2. “But if you can’t bear doing nothing, try pre-natal yoga, swimming and brisk walks in the park. The object is to give your baby lots of oxygen-rich blood to feed the pregnancy.”

3. “Don’t start working out too early. Give your body time to recover from the strains of the birth and always get the go-ahead from your doctor before you start.”

4. “Take special care with your abdominal exercises – don’t expect to carry a load for nine months and then suddenly develop a six pack in nine minutes.”

5. “If you are breastfeeding make sure you are on a fully balanced nutritional plan. What you eat is what your baby eats ie you miss out and the child misses out and that’s isn’t a good start.”


Emma Hall, 32, is the proud mother of three year old Holly and nine month old Hamish. She put on two stone during her pregnancy and she’d still like to lose half a stone off her hips and thighs. David Marshall spent an afternoon putting her through her paces.

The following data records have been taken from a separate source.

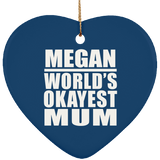 Megan World's Okayest Mum - Heart Ornament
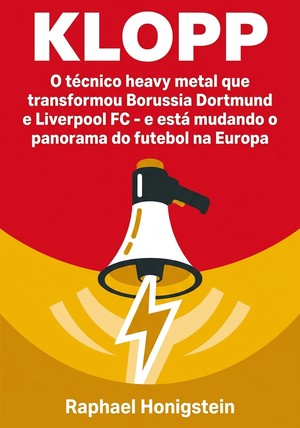 Capa do livro KLOPP, de Raphael Honigstein — resumo e resenha crítica no 12min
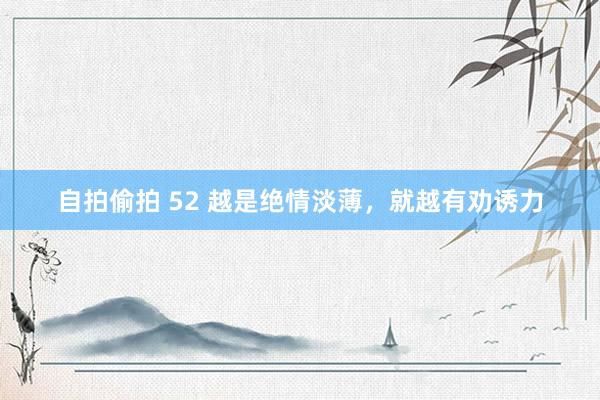 自拍偷拍 52 越是绝情淡薄，就越有劝诱力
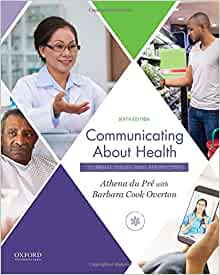 Communicating About Health: Current Issues and Perspectives, 6th Edition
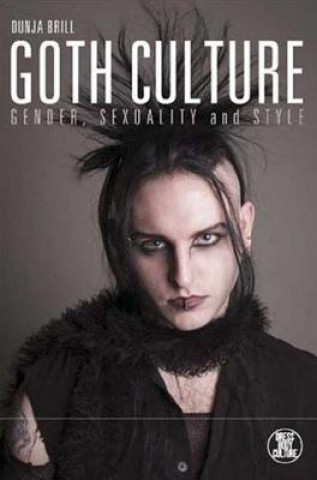 Kniha Goth Culture Dunja Brill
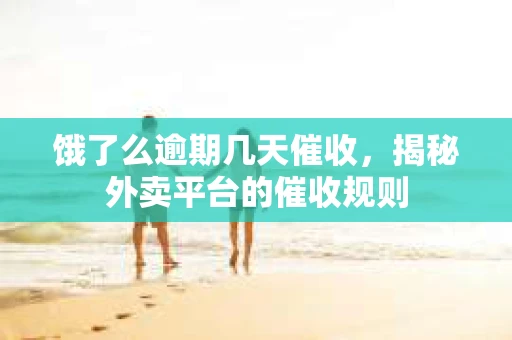 饿了么逾期几天催收，揭秘外卖平台的催收规则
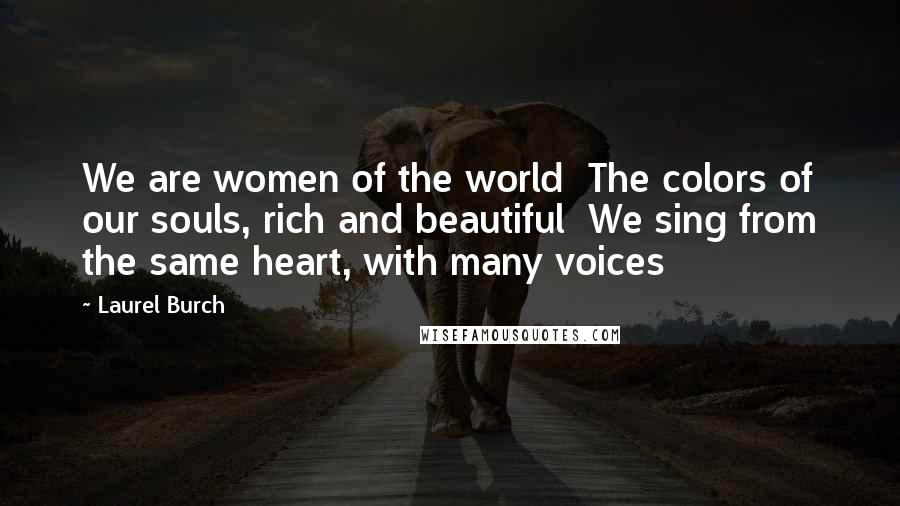 Laurel Burch Quotes: We are women of the world  The colors of our souls, rich and beautiful  We sing from the same heart, with many voices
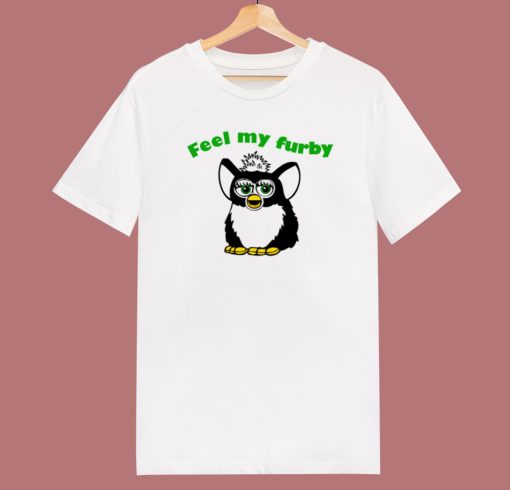 Feel My Furby Unisex T Shirt Style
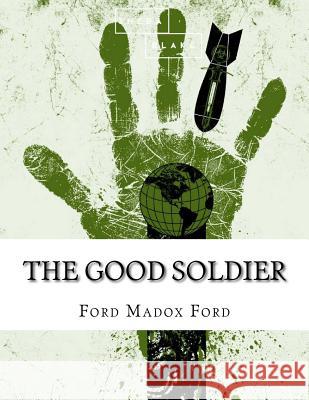 The Good Soldier Ford Madox Ford 9781548504724 Createspace Independent Publishing Platform - książka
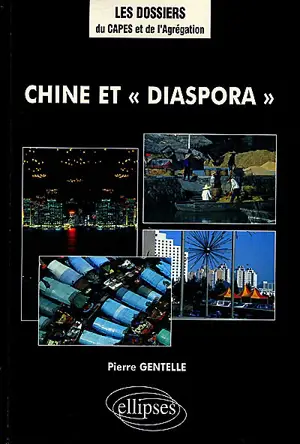 Chine et diaspora - Pierre Gentelle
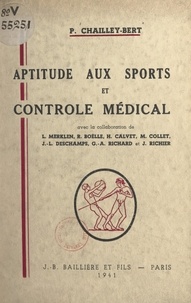 Paul Chailley-Bert et  Collectif - Aptitude aux sports et contrôle médical.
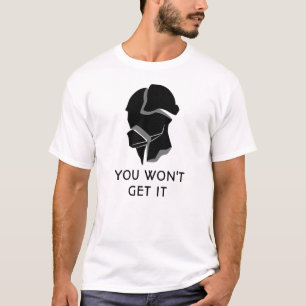 Vous ne l'aurez pas en T-shirt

1. Prayers (tones your abdominal muscles) Lie on your back with knees bent, feet flat on the floor, 5 inches more than hip width apart. With palms together, reach forward between your thighs. Sllowly curl forward 5 inches and slowly uncurl without allowing the top of your back to touch the floor. Repeat five times, building up to 20.

2. Spinal twist (massages the spine, tones lower stomach, bottom and thighs). Lie on your back with arms out at shoulder height, palms up. Your knees should be bent and your feet should be about 5 inches apart. Holding your breath, turn your head to the right and your knees, feet and hips to the left. Then turn head and feet in opposite direction. Let knees fall as far as your comfortable. Repeat as many times in one breath as you can. 3. Abdominal curls Lie on your back with your legs in the air at 90 degrees. Put your arms out to the side. Rock your legs back towards your head while lifting your bum off the floor. Keep it a fluid movement. Repeat five times building up to 20.

A one-on-one session with David at his secluded Primrose Hill studio in London may set you back a wallet-reducing £80, thousands have enjoyed results like Claire with his DIY gym kit. It has proved so consistently successful, Private Health Company PPP are now recommending it to clients.